Ken Kennedy and the CRPC
Source: Science magazine, March 7, 1997
By Jeffrey Mervis
For computer scientist Ken Kennedy, the search for high-end performance
never ends. As director of the Center for Research on Parallel Computation
at Rice University, one of the National Science Foundation's (NSF's)
showcase science and technology centers, he has direct access to powerful
IBM, Cray, and Intel supercomputers. But he also needs high speed
connections to researchers in other institutions. So last summer,
Kennedy's center joined with two local universities in a successful bid to
hook up to NSF's very high speed Backbone Network Service (vBNS), a network
initially created to link five NSF-supported supercomputing facilities.
The center also is competing for a major role in the next iteration of
NSF's supercomputing program.
These programs are allowing researchers like Kennedy to redefine what it
means to be connected. Their scientific needs have long since exceeded the
capabilities of the Internet, the once-proud federal creation that has
become a victim of its own popularity, and led them to hook onto more
capable networks like vBNS to share and manipulate vast amounts of data.
But even these high-speed networks have their limitations: Access is
costly and limited (see table), and in general, the networks don't connect
with each other. Fortunately for Kennedy and other data-hungry
researchers, two separate new initiative have emerged to help lead the way
toward an even more connected future.
One is a 5-year, $500 million program, called the Next Generation Internet
(NGI), that President Clinton announced with great fanfare last October in
the heat of the election campaign (Science, 18 October 1996, p. 335). The
second is a loose-knit university initiative, called Internet-2, to
upgrade campus networks and develop educational applications that make use
of these improved links.
Although these initiatives and existing high-speed agency networks have
rung up independently, all are integral to creating the next U.S.
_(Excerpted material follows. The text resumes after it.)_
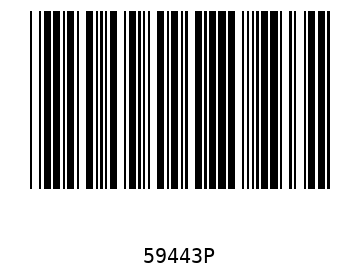 Bar code, type 39 59443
information highway. Larry Smarr, director of the NSF-funded National
Center for Supercomputing Applications, likens NGI to the top of a
three-layer cake. Internet-2 provides the foundation for universities to
take advantage of improved networking, he says, while individual agency
programs like vBNS sit in the middle, generating the applications that will
create demand for the high-end systems. "The president has said that NGI
is part of his bridge to the 21st century," says Smarr. "And the middle
layer will produce the success stories to justify the cost of Internet-2."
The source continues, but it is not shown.